Real-World Impact: Beyond the Lab
The power of this collaboration is best illustrated by the patients it serves. Recently, an 86-year-old woman suffering from Stage 3 COPD and heart arrhythmia, a condition where traditional pharmaceutical beta-blockers had failed, Trisyntec integrated a wearable belt into her daily routine for 30 minutes, twice a day. The results were transformative; her respiratory issues began to normalize almost instantly, and in just two weeks, her walking capacity increased from a restricted 100 meters to over 500 meters. By the fourth week, her heart began working smoothly without pharmaceutical intervention through the activation of the parasympathetic nervous system, fostering a state of natural healing and relaxation. These outcomes are backed by data showing a 40% enhancement in breathing function, improved oxygenation within just 30 minutes (a feat no drug can currently claim), and a remarkable 43% increase in deep sleep phases.

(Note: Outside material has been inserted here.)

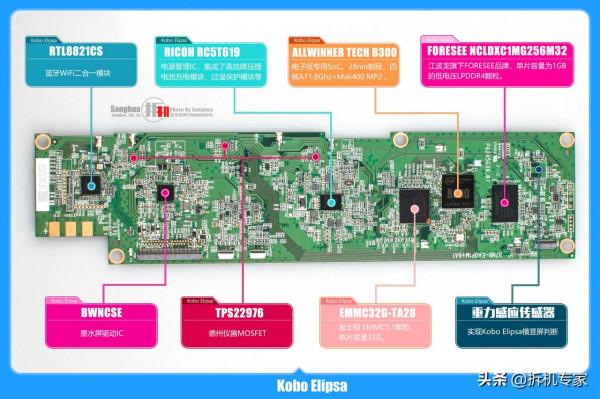 日本黑科技也用中國芯 Kobo Elipsa拆解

The Global Roadmap: India and Beyond
Trisyntec’s technology is now moving into a critical validation phase. Through Trisyntec’s strategic partner, Clinexel Life Sciences, they have secured a tandem relationship with the Indian government’s Biotechnology Industry Research Assistance Council (BIRAC). This partnership will launch an accelerated, adaptive Phase III clinical trial involving 200 participants over 90 days. These trials serve as the final "check-off" for major global stakeholders, including a Tokyo-based pharmaceutical giant that recently dispatched executives to Amsterdam to witness the device's effectiveness firsthand.
Looking Ahead: A Five-Product Pipeline
As Trisyntec moves toward the end of 2026, they anticipate entering into two major pharmaceutical licensing agreements, one specifically targeting COPD and the other for Obstructive Sleep Apnea. With their AI platform at the helm, their pulmonary pipeline is set to evolve into a five-product suite. Trisyntec is not just building a device; they are building a world-class infrastructure to mitigate the global prevalence of pulmonary disease, one data point and one breath at a time.